[GIVEN DATA Boundary: Start]

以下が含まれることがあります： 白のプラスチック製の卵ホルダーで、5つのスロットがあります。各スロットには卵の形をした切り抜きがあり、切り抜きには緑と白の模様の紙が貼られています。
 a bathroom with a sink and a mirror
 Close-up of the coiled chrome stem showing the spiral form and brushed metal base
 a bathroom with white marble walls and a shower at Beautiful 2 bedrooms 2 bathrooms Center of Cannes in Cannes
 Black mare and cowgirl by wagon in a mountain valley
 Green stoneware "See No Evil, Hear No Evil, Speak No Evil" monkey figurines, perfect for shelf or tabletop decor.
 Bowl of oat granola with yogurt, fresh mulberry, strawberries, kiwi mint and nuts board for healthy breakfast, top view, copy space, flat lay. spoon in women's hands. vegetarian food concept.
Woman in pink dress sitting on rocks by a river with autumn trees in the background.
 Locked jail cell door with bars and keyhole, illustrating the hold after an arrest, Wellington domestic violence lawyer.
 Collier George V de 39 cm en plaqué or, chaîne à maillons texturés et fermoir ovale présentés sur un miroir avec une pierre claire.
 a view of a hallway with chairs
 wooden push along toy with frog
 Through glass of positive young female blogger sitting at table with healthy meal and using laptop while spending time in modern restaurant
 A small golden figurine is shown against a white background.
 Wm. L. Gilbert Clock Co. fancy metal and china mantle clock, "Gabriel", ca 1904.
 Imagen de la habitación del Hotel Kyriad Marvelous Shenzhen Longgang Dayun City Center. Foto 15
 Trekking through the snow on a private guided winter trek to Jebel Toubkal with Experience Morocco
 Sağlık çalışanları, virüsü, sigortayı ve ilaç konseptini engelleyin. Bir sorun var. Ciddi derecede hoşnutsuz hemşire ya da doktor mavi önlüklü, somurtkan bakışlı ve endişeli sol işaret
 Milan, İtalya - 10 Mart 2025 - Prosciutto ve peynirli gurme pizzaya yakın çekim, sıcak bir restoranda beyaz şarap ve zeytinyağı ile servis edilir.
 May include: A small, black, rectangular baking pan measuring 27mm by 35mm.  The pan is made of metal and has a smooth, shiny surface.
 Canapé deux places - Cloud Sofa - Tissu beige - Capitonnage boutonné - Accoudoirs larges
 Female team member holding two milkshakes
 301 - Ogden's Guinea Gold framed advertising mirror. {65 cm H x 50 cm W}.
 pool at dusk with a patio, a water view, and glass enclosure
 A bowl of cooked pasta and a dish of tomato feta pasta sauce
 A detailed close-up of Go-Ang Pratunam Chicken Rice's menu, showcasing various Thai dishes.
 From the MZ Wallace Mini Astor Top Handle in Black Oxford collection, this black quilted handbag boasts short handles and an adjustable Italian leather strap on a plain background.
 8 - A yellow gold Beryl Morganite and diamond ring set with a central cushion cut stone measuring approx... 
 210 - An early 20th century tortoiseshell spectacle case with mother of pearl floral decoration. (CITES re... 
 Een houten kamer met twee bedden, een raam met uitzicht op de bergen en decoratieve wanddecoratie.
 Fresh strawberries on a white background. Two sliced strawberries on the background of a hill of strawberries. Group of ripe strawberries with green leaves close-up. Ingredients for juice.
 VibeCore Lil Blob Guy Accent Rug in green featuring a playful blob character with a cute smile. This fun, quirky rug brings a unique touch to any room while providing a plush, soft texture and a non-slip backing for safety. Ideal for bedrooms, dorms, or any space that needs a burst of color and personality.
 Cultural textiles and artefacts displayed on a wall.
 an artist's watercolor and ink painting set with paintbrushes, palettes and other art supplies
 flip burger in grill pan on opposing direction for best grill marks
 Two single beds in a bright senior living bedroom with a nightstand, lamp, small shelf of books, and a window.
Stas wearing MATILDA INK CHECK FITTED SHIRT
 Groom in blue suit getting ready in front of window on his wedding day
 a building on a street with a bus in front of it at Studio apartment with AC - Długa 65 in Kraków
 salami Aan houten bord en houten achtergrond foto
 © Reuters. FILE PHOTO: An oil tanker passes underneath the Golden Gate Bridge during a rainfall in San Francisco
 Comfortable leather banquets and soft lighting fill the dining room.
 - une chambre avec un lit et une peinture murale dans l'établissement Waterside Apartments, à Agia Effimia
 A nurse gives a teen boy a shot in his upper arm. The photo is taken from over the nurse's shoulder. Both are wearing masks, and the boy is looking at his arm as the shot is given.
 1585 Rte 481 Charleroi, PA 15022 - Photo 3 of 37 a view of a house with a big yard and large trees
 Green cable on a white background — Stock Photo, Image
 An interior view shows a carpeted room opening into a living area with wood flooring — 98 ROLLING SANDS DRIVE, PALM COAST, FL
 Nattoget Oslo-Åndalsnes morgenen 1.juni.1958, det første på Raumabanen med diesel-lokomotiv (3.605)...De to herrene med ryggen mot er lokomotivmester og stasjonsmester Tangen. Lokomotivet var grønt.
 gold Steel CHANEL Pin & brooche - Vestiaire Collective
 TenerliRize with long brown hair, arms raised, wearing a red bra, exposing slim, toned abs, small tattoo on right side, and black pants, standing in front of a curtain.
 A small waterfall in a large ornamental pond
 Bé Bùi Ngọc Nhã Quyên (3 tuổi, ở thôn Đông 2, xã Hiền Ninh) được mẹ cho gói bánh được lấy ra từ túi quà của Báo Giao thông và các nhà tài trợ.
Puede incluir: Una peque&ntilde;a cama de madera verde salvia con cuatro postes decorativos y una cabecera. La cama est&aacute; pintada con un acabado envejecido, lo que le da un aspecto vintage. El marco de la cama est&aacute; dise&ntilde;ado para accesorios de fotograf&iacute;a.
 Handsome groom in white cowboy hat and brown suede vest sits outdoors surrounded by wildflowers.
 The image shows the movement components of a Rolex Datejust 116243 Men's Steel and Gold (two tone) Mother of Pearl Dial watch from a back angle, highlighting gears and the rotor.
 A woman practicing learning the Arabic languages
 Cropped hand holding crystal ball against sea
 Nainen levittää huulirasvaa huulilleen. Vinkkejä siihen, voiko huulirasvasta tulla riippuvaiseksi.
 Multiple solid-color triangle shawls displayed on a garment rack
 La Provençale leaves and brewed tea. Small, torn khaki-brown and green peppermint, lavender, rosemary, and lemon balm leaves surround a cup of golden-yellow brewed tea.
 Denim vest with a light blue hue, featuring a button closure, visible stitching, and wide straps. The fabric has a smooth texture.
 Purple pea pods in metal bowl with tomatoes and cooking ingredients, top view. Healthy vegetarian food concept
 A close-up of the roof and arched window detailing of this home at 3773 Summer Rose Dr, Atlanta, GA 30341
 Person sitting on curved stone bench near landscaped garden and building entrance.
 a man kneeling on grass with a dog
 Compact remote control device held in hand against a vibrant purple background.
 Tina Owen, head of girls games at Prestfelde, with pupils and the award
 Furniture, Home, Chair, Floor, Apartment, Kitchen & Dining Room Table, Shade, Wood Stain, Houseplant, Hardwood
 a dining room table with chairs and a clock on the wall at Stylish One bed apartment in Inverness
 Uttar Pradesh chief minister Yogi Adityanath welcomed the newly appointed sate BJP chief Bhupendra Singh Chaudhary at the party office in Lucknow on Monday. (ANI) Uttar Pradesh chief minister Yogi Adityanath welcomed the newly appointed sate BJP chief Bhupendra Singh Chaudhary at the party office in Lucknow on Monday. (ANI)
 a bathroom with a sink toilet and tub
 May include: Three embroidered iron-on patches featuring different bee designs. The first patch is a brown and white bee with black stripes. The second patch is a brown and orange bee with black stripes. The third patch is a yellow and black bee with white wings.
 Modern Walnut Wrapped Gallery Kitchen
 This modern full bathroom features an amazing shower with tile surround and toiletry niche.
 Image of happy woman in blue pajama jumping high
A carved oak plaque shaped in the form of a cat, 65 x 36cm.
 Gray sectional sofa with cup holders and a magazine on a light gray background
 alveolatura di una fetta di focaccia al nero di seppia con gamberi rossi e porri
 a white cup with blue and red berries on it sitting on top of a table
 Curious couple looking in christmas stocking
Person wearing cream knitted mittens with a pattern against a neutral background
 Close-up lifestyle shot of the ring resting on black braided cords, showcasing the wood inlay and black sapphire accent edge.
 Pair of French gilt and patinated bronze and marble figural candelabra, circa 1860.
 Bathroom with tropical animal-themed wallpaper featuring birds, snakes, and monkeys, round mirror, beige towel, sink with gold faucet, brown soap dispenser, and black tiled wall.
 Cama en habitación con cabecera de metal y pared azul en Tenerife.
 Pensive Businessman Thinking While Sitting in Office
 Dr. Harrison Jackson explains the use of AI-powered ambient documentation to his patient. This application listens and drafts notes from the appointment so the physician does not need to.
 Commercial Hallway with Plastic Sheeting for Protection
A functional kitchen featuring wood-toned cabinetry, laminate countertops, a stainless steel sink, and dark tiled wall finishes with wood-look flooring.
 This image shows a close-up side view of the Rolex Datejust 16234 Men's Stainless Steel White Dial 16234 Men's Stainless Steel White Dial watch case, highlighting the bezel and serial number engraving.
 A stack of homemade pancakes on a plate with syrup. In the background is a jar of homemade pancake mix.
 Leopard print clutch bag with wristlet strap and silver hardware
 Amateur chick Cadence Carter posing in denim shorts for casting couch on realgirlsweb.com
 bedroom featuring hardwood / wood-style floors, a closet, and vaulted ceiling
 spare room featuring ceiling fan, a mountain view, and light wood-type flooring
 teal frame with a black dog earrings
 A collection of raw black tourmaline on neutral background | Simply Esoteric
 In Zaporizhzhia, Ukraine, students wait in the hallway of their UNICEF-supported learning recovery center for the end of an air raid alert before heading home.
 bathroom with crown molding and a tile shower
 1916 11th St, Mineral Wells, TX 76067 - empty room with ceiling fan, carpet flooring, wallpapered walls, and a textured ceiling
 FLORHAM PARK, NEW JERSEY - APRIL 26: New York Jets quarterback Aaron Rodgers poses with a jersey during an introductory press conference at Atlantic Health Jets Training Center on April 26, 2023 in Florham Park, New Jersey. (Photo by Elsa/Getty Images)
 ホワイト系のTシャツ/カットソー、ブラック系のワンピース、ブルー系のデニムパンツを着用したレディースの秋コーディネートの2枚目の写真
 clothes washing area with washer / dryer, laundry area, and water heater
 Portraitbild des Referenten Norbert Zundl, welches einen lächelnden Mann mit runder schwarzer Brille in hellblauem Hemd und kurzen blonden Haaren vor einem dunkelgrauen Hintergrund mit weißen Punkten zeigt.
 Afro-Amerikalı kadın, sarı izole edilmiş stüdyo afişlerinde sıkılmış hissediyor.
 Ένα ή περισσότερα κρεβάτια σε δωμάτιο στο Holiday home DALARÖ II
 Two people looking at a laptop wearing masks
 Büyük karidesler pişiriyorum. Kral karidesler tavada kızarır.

[GIVEN DATA Boundary: End]

=== ABOUT THIS EXERCISE ===
Each line above from the one with "Fresh strawberries on" up to and including the one with "in San Francisco" must be set down exactly, and no line outside that span may appear.

=== SOLUTION TO THE EXERCISE ===
 Fresh strawberries on a white background. Two sliced strawberries on the background of a hill of strawberries. Group of ripe strawberries with green leaves close-up. Ingredients for juice.
 VibeCore Lil Blob Guy Accent Rug in green featuring a playful blob character with a cute smile. This fun, quirky rug brings a unique touch to any room while providing a plush, soft texture and a non-slip backing for safety. Ideal for bedrooms, dorms, or any space that needs a burst of color and personality.
 Cultural textiles and artefacts displayed on a wall.
 an artist's watercolor and ink painting set with paintbrushes, palettes and other art supplies
 flip burger in grill pan on opposing direction for best grill marks
 Two single beds in a bright senior living bedroom with a nightstand, lamp, small shelf of books, and a window.
Stas wearing MATILDA INK CHECK FITTED SHIRT
 Groom in blue suit getting ready in front of window on his wedding day
 a building on a street with a bus in front of it at Studio apartment with AC - Długa 65 in Kraków
 salami Aan houten bord en houten achtergrond foto
 © Reuters. FILE PHOTO: An oil tanker passes underneath the Golden Gate Bridge during a rainfall in San Francisco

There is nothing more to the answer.